Alternatively, when the moment is ripe, Moscow might use its position as leverage to push for more security concessions with the US and NATO, negatively impacting the security of Europe as a whole.
Timing matters, and many factors come into play, the most important being the perception the US has disengaged from the European theatre and turned towards the Asia-Pacific, leaving a void; the current absence of European leadership; and the ‘legacy moment’ for Putin himself – what history books will remember him for.
Russia has not achieved the implementation of the Minsk agreements - which favour Moscow and shackle Ukraine – and now wants to achieve that and get it rubber-stamped by Washington. The Kremlin simply believes it will never achieve security at its European borders without a subdued Ukraine.
Russia’s demands are not new but part of a wider set of grievances and self-constructed narratives feeding its foreign policy since the end of the Cold War. With Ukraine in particular, the Russian leadership exists in an irrational mental space fraught with emotions and gut feelings which are hard for Western policymakers to grasp.
Ukraine is now a hostage with the threat of renewed war against its territory. Russia already invaded Ukraine in 2014 and used that as leverage for the US and NATO to finally take Russian demands seriously.
What could happen if Russia chooses a military option against Ukraine?
Ukraine will likely suffer Russian military operations in the coming days or weeks. The question now is no longer if but when, and how far it will go.
Russia is willing to use military force to achieve political-strategic goals, as well as to conduct a blend of non-conventional warfare and false-flag operations to create surprise and achieve a fait accompli. The Kremlin plans for all contingencies from full-scale war to cyber and information warfare and other asymmetric tools.
In terms of tactical-operational warfighting, this would potentially occur at the ‘initial period of war’ by the intensive use for a few days of a mix of long-range precision-guided munitions (PGMs) and ground-based artillery strikes against key military (and likely civilian) targets in Ukraine.
The goal would be to quickly decapitate the Ukrainian command and control (C2) infrastructure, critically hampering its ability to communicate, move, and fight. This initial phase would be complemented with air strikes and air superiority missions notably from Belarus – in order to hold Kyiv at risk of destruction – as well as electronic warfare operations to further downgrade the ability of Ukrainian forces to act in a contested environment.

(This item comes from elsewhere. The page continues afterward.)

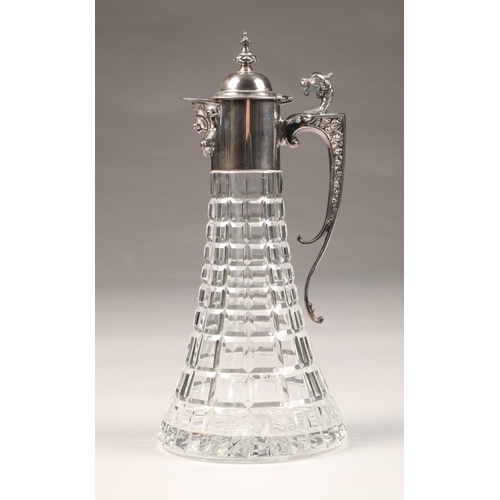 199 - Silver topped cut crystal claret jug, assay marked Sheffield 1975 by Roberts & Belk Ltd, height ... 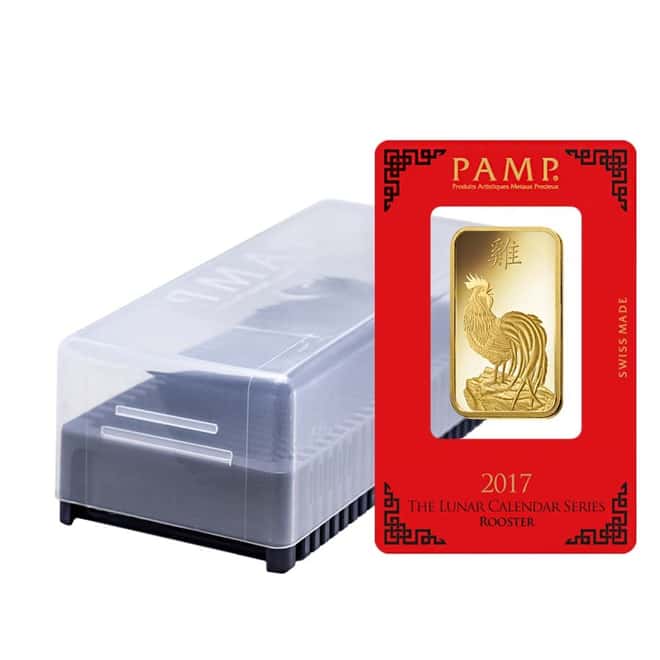 1 oz PAMP Suisse Year of the Rooster Gold Bar (In Assay)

With the recent pre-positioning of troops close to Ukraine borders, Russia can now easily move in three broad directions – from the Western Military District (WMD) and occupied Donbas, from Belarus, and from illegally-annexed Crimea, with the support of naval operations in the Black Sea and the Sea of Azov.
From there, follow-on ground forces could potentially cross the border from the WMD into eastern and north-eastern Ukraine and (re)invade the country. Territory would be quickly seized with an influx of troops and heavy artillery, as well as support and rear units fighting against Ukrainian Territorial Defence units, armed civil resistance, and counter-insurrection movements.
Depending on what Moscow’s war termination strategy is, the ground invasion could push to the Dnieper River, and potentially beyond into the southwest of Ukraine and down to the southern seaboard and Odessa.
Once Kyiv can no longer take the unacceptable cost of warfare operations, Russia would move to ‘diplomacy’ where it could potentially force a regime change in Ukraine, install a pro-Kremlin team – as outlined by the recent UK release of intelligence – and enable its own implementation of the Minsk agreements as well as achieve further strategic concessions.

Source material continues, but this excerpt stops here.